O Sermão do Monte
Difundidas as primeiras claridades
da Boa Nova, todos os enfermos e derrotados da sorte, habitantes de Corazin,
Magdala, Betsaida, Dalmanuta e outras aldeias importantes do lago enchiam as
ruas de Cafarnaum em turbas ansiosas.
Os companheiros do Mestre eram os
mais visados pela multidão, por motivo do permanente, contacto em que viviam
com o seu amor.De vez em quando, Filipe era assaltado, em caminho, por uma onda
de doentes; Pedro tinha a casa rodeada de criaturas desalentadas e tristes.
Todos queriam o auxílio de Jesus, o benefício imediato de sua poderosa virtude.
Aos primeiros dias do apostolado,
um pequeno grupo de infelizes procurou Levi na sua confortável residência. Desejavam
explicações sobre o Evangelho do Reino, de modo a trabalharem com mais acerto
na observância dos ensinamentos do Cristo. O coletor da cidade manifestou certa
estranheza.
_Afinal - disse ele aos
infortunados que o procuravam -, o novo reino congregará todos os corações sinceros
e de boa-vontade, que desejem irmanar-se como filhos de Deus. Mas, que podeis
fazer na situação em que vos encontrais?
_Que poderás realizar, Lisandro,
aleijado como és?! E tu, Áquila, não foste abandonado pela própria família, sob
o peso de sérias acusações? E tu, Pafos? Acaso edificaria alguma coisa com as
tuas atuais aflições?
Os interpelados entreolharam-se
cabisbaixos, humilhados. Somente então chegavam a reconhecer as suas penosas
deficiências. A palavra rude de Levi os despertara. Tomara-os uma dor sem
limites. Jesus dissera, nas suas pregações carinhosas, que seu amor viera
buscar todos os que se encontrassem em tristeza e em angústias do coração.
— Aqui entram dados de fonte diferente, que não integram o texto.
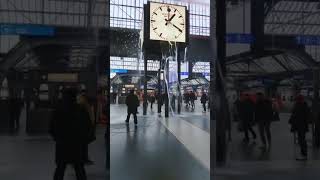 ZH - Main Station - Meeting Piont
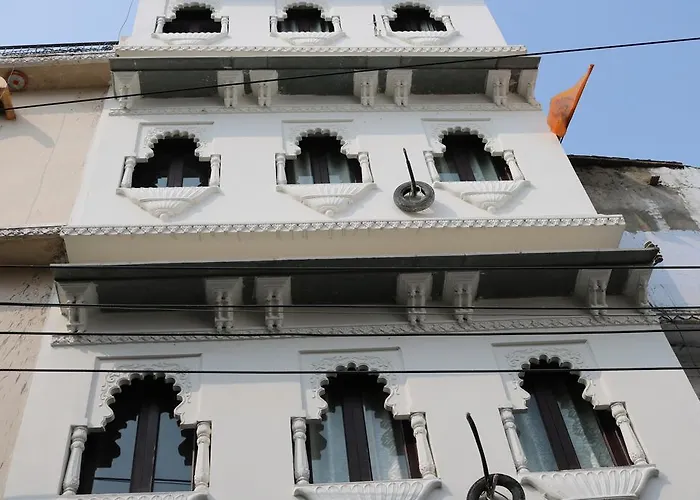 Mewar Avenue Guest House Near Lake Pichola Udaipur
Quando o Mestre chegara, haviam experimentado a restauração de todas as
energias. Jubilosos, guardavam as suas promessas, relativamente ao Pai justo e
bom, que amava os filhos mais infelizes, renovando nos corações as esperanças
mais puras. Achavam-se exaustos; mas, a lição de Jesus lhes trouxera novo
consolo às almas desamparadas de qualquer conforto material. Queriam ser de
Deus, vibrar com a exaltação das promessas do Cristo, porém, a palavra de Levi
novamente os arrojara à condição desditosa.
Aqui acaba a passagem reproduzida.